The store is not very big and his order is a proverbial drop in the ocean - just seven bottles twice a week on average. So turnover is hardly quick and a couple of customers said they thought the milk was a bit ‘off’’.

He thought his delivery slot was 3am, but on CCTV he could see that it was being dropped off at 1am. He opens at 6am. He wrote to Dairy Crest to complain, claiming breach of contract. He writes in a letter to the chairman: “They said that the milk would hold its temperature for five hours (based on deliveries coming at 1am), but Trading Standards have disputed this.”

In fact, Chiltern District Council told him it must be refrigerated soonest.

The upshot was Dairy Crest wrote back telling him they could no longer meet his delivery criteria and therefore they were cancelling the contract (which is through Palmer & Harvey).

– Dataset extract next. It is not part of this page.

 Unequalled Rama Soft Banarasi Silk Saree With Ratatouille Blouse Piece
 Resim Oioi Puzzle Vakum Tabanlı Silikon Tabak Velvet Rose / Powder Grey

I rang Dairy Crest and a spokeswoman confirmed that Sudesh’s delivery slot was between 1am and 3am and it was only viable for the company to drop off the milk during those times.

On the basis that Sudesh cannot buy better anywhere else and that he cannot call himself a convenience store without milk, he has decided to get up when the milk arrives. How’s that for service to customers? Better than he has received.